Step 7-6: 2-(4-Bromo-2,6-dimethylphenyl)-6-morpholino-2,5-dihydro-4H-pyrazolo[3,4-d]pyrimidin-4-one

To a mixture of 2-(4-bromo-2,6-dimethylphenyl)-6-morpholino-2,5-dihydro-4H-pyrazolo[3,4-d]pyrimidin-4-one (20 g), cyclopropylboronic acid (12 g), [1,1′-bis(di-tert-butylphosphino)ferrocene]palladium(II)dichloride (970 mg), and toluene (200 mL) was added a solution of tripotassium phosphate (32 g) in water (40 mL) under an argon atmosphere, and the mixture was stirred at 90° C. for 2 hours, and then thereto was added tetrahydrofuran (250 mL) at 60° C., and the mixture was allowed to cool to room temperature. The organic layer was separated, and then the aqueous layer was extracted with ethyl acetate. The combined organic layer was washed with saturated brine, and thereto was further added tetrahydrofuran (50 mL), and the mixture was dried over anhydrous sodium sulfate and anhydrous magnesium sulfate.

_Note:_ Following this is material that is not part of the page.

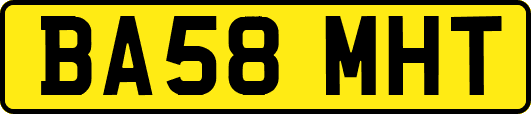 BA58MHT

The anhydrous sodium sulfate and anhydrous magnesium sulfate were filtered off, and to the filtrate was added N1-(2-aminoethyl)ethane-1,2-diamine (2.0 mL), and the mixture was stirred for 30 minutes, thereto was added silica gel (Kanto Chemical CO., INC., silica gel 60N, 40 g), and the mixture was stirred at room temperature for 1.5 hours. The silica gel was filtered off, and washed with ethyl acetate. Solvent was removed under reduced pressure to give a crude product of the title compound (23.2 g).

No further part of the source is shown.